O que existe a princípio é uma “regra motriz”. Esta se caracteriza por seguir instruções básicas. O adulto intervém direta ou fisicamente para que isso se realize. Um exemplo é quando a criança está caminhando em direção a um lugar perigoso e o adulto interfere para impedir.
O que vem em seguida é a “regra coercitiva”. Ela corresponde aos primeiros anos da infância. Nessa fase a criança segue a norma simplesmente porque um adulto a impõe. Não passa pela mente dela questionar, já que o que um adulto dita no campo da moral praticamente tem um caráter sagrado. Para a criança, não cumprir uma norma, por mais absurda que seja, constitui um erro que deve ser seguido de um castigo. Essa é a etapa da heteronomia.
Depois, aparece a “regra racional”. Esta não é ditada por outra pessoa, mas pelo próprio indivíduo estando em acordo com os outros. Nesse caso, há consciência sobre o valor da norma que é cumprida. Se a regra ou a norma forem irracionais, o indivíduo tem a capacidade para não cumprir, pois age autonomamente e não em função de uma autoridade. A obediência já não é incondicional.
A diferença entre autonomia e heteronomia
Para quem ficou na etapa da heteronomia, o bom é o que a maioria faz, em consonância com uma autoridade. O indivíduo acha que se está em vigor é porque é certo. Ele não observa o conteúdo de uma norma moral, mas quem a emite. Isso não se aplica apenas às crianças, mas também aos adultos. Isso explica porque muitas pessoas e sociedades são capazes de agir contra si mesmos em função de uma norma.
Quando se está em uma posição de heteronomia também não se analisa um fator moral decisivo: a intenção. A única coisa que se visa é o resultado da conduta, não sua causa ou motivação. Piaget pediu para um grupo de crianças julgar duas ações: em uma delas, ema criança tinha derrubado tinta em uma toalha de mesa, sem intenção, mas a mancha era gigantesca. Na outra, uma criança tinha derrubado uma gota de tinta intencionalmente. Em relação a quem tinha agido da pior maneira, as crianças responderam que era quem tinha causado uma mancha maior.
Uma das características da heteronomia é exatamente essa: a rigidez. Não são analisadas as intenções nem os contextos nem os motivos. A única coisa que se observa é até que ponto a norma foi cumprida. Isso é o que muitos adultos fazem em casos de infidelidade ou de descumprimento de uma meta ou em relação a qualquer comportamento transgressor.
Na autonomia, em contrapartida, a intenção é um fator decisivo. Assim como a justiça. Se um comportamento vai contra as normas, mas promove a justiça, pode ser considerado válido.
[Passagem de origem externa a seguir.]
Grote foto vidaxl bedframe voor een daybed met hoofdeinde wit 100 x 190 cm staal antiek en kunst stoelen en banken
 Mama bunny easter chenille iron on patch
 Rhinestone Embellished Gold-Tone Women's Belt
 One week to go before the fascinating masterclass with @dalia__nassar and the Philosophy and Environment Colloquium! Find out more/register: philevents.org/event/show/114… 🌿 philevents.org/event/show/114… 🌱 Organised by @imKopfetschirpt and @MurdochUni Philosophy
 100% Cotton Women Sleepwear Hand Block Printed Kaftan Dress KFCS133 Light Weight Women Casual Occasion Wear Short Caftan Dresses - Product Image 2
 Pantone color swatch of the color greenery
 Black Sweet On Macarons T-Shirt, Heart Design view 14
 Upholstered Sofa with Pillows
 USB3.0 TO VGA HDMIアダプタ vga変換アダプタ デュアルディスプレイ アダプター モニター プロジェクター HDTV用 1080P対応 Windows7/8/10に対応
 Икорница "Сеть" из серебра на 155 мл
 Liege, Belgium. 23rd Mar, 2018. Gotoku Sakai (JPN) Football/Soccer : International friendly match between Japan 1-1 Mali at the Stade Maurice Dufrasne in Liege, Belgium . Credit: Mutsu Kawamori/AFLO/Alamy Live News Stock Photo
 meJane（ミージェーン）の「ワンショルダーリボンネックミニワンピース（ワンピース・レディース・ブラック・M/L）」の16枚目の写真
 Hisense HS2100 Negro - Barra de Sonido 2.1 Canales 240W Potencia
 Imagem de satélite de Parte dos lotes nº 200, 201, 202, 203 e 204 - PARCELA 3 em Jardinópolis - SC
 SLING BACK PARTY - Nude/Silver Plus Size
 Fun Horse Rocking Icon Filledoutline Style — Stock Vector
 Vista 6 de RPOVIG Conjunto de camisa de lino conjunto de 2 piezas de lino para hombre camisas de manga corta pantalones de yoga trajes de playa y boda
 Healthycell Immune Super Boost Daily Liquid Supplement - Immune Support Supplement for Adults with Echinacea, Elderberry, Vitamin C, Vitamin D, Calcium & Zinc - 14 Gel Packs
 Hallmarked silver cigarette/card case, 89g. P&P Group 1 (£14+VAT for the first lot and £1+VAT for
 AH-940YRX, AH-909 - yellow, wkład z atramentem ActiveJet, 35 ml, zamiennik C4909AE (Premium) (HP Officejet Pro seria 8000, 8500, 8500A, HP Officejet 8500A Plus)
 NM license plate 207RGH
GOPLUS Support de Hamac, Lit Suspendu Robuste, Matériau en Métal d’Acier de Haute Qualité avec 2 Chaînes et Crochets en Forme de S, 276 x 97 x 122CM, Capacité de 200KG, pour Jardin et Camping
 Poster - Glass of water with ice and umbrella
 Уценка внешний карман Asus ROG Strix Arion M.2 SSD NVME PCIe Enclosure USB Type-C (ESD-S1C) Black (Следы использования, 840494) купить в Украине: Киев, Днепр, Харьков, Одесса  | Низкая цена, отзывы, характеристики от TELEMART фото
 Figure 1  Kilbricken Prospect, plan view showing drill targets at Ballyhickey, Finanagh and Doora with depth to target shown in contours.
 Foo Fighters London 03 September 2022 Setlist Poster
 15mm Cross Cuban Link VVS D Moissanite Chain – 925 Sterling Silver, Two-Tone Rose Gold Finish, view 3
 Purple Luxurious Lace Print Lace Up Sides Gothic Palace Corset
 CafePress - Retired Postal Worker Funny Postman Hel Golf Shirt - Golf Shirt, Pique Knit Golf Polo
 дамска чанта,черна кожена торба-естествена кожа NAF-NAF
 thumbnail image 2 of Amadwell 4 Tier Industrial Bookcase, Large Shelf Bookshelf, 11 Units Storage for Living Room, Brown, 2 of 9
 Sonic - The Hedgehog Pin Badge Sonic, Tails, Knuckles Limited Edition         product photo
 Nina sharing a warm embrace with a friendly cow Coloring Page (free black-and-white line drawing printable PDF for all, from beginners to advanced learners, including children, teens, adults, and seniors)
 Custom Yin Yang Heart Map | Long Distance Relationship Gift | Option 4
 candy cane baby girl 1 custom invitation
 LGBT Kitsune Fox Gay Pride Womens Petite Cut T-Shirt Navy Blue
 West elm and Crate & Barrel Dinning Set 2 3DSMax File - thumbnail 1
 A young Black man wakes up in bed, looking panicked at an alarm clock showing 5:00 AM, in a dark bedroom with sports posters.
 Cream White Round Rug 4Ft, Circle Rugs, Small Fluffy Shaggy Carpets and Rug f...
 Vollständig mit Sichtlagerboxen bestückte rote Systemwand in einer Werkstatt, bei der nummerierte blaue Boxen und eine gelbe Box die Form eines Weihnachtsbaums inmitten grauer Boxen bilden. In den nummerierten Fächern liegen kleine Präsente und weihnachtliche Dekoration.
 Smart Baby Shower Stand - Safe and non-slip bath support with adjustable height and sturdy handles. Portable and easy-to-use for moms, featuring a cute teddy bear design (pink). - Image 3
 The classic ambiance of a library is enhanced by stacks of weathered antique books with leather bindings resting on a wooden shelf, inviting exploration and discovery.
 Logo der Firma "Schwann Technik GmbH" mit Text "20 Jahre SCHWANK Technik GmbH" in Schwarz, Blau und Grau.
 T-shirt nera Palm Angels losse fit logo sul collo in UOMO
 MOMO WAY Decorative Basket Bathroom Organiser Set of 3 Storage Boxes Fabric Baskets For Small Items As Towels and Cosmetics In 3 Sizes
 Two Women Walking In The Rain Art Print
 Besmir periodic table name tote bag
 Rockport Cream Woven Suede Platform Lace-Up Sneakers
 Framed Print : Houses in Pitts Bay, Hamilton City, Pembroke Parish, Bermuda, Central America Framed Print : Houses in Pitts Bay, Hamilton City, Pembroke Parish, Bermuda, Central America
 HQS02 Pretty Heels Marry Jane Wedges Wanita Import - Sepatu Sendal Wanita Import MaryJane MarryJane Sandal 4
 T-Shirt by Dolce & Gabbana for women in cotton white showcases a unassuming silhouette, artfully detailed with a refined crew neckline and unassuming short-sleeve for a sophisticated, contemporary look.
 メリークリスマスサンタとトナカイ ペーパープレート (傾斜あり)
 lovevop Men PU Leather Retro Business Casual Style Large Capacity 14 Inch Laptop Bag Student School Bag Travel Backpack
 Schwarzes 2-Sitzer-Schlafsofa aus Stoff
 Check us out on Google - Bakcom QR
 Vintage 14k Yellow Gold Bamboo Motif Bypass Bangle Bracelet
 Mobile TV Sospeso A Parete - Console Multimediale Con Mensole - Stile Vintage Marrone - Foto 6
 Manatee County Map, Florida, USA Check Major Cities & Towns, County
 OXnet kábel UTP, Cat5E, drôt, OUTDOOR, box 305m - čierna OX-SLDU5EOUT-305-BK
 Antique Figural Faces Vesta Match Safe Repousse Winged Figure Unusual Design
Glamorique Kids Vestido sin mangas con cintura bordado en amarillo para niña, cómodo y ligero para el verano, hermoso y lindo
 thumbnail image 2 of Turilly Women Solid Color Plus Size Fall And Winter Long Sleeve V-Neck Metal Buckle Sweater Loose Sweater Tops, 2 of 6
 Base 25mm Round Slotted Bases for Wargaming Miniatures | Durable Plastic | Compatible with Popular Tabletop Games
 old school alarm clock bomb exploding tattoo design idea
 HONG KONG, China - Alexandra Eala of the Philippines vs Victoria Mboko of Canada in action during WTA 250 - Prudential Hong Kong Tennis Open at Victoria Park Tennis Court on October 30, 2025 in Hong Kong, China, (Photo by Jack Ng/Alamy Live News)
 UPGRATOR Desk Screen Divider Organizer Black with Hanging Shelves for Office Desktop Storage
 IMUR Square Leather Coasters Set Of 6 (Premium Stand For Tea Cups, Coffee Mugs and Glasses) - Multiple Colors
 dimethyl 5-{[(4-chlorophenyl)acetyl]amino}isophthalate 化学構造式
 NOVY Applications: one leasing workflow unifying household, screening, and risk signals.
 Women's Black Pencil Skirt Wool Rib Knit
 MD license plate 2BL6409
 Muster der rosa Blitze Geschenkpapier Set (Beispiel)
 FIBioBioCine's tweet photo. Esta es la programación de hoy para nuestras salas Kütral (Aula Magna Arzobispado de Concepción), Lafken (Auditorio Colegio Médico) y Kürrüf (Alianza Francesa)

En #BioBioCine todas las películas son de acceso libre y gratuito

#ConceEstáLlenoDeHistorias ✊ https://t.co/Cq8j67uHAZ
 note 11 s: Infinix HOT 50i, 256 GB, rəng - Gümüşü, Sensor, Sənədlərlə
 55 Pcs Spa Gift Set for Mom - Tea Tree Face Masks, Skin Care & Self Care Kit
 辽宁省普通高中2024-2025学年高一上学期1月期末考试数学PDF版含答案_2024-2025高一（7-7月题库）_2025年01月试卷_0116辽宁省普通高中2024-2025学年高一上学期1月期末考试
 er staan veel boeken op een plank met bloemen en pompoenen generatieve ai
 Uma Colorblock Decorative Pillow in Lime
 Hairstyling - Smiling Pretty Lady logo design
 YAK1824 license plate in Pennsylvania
Estima-se que moral é tudo aquilo que promove a equidade, a cooperação, o respeito pelos outros. Se isso está consagrado ou não nas normas dos outros, passa para um segundo plano. Nesse sentido, com certeza construiríamos sociedades melhores se evoluíssemos com base no desenvolvimento da autonomia individual.
Esperamos que tenha sido possível transmitir um pouco da diferença entre autonomia e heteronomia, e sobre a forma como estes dois conceitos estão presentes em nosso dia a dia e em nossa sociedade.